The claim filed by Ennit Morris says the mayor has repeatedly disrupted Board of Aldermen meetings, threatening board members with bodily harm and arrest when the elected officials asked about money spent by King’s administration.
That tension came to a boiling point during an executive session on Dec. 4, 2018, according to the tort claim. Mayor King reportedly ordered police to arrest Morris during that meeting. The claim states that the officer, who was acting as sergeant-at-arms, placed his hand on the arm of the alderman as if he were going to physically remove Morris from the room.
“Fortunately, the Board Attorney, Amy St. Pe, rose to the occasion, ordered the police representative to unhand Alderman Morris and instructed Mayor King that he could not do this,” the tort claim states.
The mayor disputes that claim, saying that Morris was the one who was out of line.
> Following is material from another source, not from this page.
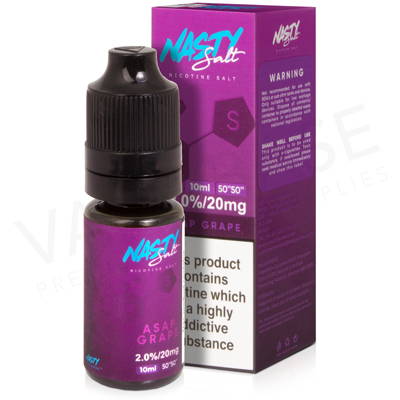asapgrape_vapourwise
“Alderman Morris did become quite passionate about a topic we were discussing at the executive session on December 4th,” said the mayor in a written statement to WLOX. “After numerous requests for him to follow the city’s procedural ordinance, I felt the only way to continue discussions in a productive way was to remove Alderman Morris from the room. Per the city’s procedural ordinance, I asked him to leave at his own will. He refused that request. I then asked an officer to remove him.
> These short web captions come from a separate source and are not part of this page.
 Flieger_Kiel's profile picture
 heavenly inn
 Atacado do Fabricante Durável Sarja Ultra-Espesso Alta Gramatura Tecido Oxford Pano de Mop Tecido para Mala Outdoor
"As the officer approached him, Alderman Morris threatened to sue the city if he was removed. When the city attorney heard the threat, Amy St. Pe did what she was supposed to do – take into account the liability of the requested action and offer advice to the mayor and Board of Aldermen. Her advice was not to have him removed after he threatened to sue us.”
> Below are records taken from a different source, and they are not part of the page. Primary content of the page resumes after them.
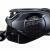 Shimano SLX A BESTEN KUNSTKODER Angelshop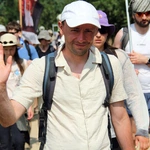 PPW2025. Borki Wielkie - Jezioro cz. 3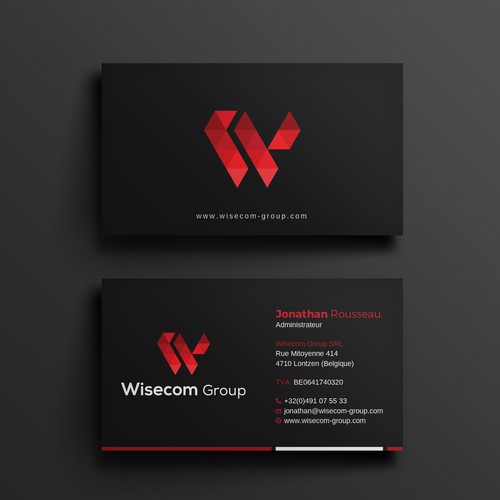  contest entry by Rakibh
Morris is now asking King for $500,000 in damages he said were sustained as a result of the assault, outrage, and intentional infliction of emotional distress.
“If he ever felt that my actions during board meetings were disrupting, he has never approached me, filed any ethics complaints against me or taken any other action expressing his concerns,” the mayor continued in his written statement. “I have an open-door policy, and if he or any other members of the board have issues with me, as professionals, co-workers and city leaders, I encourage them to come talk with me, as I have done with them time and time again. I welcome and encourage this open-door policy on any and all matters regarding city business, and I appreciate all concerns, ideas and recommendations from all individuals who are a part of the Moss Point governing process.”
Morris' attorney David Frazier said the tort claim was sent to King on Dec. 21, 2018.
“Our main goal here, what we want, is some kind of injunctive or declaratory relief to require the mayor to follow the rules of procedure that the city has adopted when it comes to public hearings and the time a person has to comment," Frazier said. “The concern is that at the meeting in question, the mayor directed police to take Alderman Morris and basically throw him out. The officer put his hand on Mr. Morris and was going to grab him and throw him out. Fortunately, Amy St. Pe, to her credit, she spoke up and prevented what could have been a disastrous outcome.”
The city has 90 days to respond to the claim, Frazier said. If there is no response within that time, Morris would have grounds to file a lawsuit against the mayor.